━━━ Given records

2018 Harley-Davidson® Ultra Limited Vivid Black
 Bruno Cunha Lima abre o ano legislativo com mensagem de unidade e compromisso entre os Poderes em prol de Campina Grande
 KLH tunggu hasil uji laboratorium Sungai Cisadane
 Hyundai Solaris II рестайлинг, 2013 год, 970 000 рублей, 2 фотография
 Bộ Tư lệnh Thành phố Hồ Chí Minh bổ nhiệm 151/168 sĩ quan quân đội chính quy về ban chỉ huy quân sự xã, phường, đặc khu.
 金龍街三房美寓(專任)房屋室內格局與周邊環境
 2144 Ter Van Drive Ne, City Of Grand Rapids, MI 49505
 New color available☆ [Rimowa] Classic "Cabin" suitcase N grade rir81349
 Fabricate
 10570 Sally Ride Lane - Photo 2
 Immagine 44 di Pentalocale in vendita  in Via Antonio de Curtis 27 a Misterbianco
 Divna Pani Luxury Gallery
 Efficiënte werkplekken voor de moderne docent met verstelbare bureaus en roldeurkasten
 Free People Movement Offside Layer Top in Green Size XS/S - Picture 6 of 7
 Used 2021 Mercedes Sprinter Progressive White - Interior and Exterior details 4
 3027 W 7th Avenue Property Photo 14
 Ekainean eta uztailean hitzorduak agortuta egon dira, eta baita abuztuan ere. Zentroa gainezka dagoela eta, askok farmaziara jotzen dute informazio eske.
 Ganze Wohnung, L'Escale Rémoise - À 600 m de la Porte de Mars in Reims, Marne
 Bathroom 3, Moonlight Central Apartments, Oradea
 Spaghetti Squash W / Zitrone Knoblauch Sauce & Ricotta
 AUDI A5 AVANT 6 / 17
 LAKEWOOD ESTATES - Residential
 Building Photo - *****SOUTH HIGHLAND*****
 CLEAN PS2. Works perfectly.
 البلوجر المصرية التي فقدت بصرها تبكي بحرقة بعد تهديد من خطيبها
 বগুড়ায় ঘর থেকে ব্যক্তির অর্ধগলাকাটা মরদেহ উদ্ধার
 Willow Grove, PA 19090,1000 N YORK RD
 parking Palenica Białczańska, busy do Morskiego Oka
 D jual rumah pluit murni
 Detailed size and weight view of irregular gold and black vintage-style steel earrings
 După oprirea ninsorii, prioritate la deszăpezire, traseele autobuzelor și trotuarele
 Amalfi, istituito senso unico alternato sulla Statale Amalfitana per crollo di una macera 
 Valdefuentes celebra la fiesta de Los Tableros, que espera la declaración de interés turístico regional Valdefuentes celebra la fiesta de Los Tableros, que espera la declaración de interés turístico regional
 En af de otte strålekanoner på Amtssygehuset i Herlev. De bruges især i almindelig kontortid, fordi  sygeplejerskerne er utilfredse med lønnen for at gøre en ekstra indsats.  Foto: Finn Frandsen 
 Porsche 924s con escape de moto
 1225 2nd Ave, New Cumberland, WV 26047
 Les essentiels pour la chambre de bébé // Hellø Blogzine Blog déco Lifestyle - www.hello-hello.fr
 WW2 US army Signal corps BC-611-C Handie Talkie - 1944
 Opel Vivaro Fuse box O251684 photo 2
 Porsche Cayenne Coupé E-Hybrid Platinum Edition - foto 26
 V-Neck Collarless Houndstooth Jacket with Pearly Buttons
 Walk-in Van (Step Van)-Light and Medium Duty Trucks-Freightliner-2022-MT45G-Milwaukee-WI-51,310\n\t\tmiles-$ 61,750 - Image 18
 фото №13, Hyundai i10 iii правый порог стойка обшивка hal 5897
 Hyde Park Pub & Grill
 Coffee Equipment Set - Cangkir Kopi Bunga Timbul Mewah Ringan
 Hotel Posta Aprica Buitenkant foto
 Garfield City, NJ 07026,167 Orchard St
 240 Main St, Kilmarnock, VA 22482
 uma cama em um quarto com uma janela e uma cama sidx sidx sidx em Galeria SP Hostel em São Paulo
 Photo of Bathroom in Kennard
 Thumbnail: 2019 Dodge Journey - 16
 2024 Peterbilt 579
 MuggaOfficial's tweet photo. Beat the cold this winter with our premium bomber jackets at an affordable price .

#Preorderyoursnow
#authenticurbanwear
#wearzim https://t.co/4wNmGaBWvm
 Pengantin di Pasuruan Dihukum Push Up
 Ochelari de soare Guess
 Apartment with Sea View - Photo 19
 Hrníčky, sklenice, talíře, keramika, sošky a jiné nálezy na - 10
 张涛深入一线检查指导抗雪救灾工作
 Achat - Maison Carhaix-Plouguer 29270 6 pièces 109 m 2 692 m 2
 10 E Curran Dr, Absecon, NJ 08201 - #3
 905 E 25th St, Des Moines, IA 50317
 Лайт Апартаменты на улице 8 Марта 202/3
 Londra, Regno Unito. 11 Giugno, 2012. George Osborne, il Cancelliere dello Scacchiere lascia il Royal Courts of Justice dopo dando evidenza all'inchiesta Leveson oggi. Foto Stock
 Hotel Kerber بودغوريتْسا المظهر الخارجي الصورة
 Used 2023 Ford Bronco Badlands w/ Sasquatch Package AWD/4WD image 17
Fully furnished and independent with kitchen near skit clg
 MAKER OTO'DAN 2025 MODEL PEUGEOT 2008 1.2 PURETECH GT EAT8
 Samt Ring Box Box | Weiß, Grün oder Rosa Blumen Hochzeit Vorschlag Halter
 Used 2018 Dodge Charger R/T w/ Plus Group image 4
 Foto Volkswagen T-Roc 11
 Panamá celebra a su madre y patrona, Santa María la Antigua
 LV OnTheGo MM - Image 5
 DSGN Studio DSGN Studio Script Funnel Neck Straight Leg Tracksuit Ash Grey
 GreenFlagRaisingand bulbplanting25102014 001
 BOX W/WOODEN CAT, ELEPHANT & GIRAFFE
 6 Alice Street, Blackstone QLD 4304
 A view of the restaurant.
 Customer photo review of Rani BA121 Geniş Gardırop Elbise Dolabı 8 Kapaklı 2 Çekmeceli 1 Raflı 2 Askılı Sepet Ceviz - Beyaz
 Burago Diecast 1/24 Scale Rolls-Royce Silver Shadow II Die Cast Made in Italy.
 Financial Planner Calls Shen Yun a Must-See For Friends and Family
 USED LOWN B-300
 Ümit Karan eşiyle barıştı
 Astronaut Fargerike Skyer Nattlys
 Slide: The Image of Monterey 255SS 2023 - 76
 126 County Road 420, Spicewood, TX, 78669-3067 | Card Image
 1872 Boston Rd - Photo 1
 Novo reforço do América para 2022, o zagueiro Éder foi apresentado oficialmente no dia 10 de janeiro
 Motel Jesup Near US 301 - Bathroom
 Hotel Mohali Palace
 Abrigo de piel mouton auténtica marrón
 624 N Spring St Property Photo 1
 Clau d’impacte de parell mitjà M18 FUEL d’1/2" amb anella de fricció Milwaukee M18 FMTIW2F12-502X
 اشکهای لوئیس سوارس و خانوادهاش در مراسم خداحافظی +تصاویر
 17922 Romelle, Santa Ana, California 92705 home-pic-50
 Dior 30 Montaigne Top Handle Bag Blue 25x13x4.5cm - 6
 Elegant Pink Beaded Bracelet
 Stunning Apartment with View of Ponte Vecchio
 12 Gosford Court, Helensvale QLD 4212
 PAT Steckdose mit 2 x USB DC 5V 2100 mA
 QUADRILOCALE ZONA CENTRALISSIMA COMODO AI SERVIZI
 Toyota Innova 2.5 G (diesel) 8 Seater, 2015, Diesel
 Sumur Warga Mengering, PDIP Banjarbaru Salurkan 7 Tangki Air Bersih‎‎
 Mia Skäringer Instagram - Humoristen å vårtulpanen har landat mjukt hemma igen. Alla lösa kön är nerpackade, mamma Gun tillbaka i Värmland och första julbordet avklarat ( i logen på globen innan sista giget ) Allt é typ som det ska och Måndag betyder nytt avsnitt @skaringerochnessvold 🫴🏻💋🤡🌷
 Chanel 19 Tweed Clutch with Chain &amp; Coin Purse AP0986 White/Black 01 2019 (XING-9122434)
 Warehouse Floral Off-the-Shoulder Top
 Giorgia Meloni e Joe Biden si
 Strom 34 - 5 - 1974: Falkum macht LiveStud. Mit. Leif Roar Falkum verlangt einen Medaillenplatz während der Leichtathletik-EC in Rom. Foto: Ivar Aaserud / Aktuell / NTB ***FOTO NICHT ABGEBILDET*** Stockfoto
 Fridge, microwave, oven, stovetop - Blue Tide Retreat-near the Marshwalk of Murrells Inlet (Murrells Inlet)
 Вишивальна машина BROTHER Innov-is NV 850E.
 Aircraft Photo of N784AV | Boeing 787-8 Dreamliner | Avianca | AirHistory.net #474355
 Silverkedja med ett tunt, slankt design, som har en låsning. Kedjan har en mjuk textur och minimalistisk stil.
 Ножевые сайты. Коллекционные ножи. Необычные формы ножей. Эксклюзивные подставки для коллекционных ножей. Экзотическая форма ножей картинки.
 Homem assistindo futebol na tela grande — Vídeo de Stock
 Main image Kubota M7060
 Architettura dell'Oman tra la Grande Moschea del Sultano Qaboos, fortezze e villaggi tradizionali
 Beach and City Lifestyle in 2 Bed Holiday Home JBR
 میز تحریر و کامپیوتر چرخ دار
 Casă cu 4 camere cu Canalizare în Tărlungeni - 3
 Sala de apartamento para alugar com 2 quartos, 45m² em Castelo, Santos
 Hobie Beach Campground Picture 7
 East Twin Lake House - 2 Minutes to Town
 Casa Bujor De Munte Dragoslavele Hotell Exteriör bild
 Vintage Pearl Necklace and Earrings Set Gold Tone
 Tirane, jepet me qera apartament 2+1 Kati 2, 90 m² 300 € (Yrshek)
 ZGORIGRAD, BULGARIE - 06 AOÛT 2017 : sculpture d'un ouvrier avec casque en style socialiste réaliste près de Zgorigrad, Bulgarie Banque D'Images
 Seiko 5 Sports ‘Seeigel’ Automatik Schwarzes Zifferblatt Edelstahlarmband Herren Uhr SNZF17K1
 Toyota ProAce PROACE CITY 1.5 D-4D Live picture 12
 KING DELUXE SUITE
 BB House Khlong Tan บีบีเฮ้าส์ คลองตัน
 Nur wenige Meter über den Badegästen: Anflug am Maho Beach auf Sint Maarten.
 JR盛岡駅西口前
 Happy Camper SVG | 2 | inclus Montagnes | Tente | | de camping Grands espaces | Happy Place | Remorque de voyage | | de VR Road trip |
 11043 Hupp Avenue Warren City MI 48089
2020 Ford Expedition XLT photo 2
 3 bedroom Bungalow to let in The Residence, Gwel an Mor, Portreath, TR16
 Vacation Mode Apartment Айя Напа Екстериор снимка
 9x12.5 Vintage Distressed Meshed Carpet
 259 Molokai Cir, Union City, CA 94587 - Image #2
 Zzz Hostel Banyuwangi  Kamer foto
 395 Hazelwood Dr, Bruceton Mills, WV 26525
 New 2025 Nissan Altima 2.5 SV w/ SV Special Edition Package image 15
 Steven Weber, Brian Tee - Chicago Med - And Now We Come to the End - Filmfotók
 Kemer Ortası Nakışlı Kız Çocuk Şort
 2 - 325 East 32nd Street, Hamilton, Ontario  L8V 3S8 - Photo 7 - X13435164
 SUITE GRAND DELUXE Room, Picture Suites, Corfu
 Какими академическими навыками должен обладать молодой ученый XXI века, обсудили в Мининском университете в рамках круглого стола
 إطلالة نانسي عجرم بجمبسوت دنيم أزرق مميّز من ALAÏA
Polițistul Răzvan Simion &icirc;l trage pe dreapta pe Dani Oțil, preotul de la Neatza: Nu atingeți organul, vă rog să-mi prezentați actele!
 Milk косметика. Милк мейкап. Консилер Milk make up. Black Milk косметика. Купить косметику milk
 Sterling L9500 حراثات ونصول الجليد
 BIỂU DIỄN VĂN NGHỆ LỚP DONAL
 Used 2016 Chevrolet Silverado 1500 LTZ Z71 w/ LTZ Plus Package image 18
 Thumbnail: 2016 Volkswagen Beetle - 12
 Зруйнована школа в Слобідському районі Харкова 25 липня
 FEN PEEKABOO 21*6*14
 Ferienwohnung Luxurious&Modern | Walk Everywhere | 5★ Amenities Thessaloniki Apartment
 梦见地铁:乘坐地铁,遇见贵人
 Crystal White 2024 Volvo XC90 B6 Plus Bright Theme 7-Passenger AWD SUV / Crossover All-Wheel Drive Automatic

━━━━━━

◆ **Exercise directions**
As listed above, the lines from the line with "LV OnTheGo MM - Image 5" to the line with "17922 Romelle, Santa" are to be echoed exactly, with both ends included and nothing added.

◆ **Expected answer**
 LV OnTheGo MM - Image 5
 DSGN Studio DSGN Studio Script Funnel Neck Straight Leg Tracksuit Ash Grey
 GreenFlagRaisingand bulbplanting25102014 001
 BOX W/WOODEN CAT, ELEPHANT & GIRAFFE
 6 Alice Street, Blackstone QLD 4304
 A view of the restaurant.
 Customer photo review of Rani BA121 Geniş Gardırop Elbise Dolabı 8 Kapaklı 2 Çekmeceli 1 Raflı 2 Askılı Sepet Ceviz - Beyaz
 Burago Diecast 1/24 Scale Rolls-Royce Silver Shadow II Die Cast Made in Italy.
 Financial Planner Calls Shen Yun a Must-See For Friends and Family
 USED LOWN B-300
 Ümit Karan eşiyle barıştı
 Astronaut Fargerike Skyer Nattlys
 Slide: The Image of Monterey 255SS 2023 - 76
 126 County Road 420, Spicewood, TX, 78669-3067 | Card Image
 1872 Boston Rd - Photo 1
 Novo reforço do América para 2022, o zagueiro Éder foi apresentado oficialmente no dia 10 de janeiro
 Motel Jesup Near US 301 - Bathroom
 Hotel Mohali Palace
 Abrigo de piel mouton auténtica marrón
 624 N Spring St Property Photo 1
 Clau d’impacte de parell mitjà M18 FUEL d’1/2" amb anella de fricció Milwaukee M18 FMTIW2F12-502X
 اشکهای لوئیس سوارس و خانوادهاش در مراسم خداحافظی +تصاویر
 17922 Romelle, Santa Ana, California 92705 home-pic-50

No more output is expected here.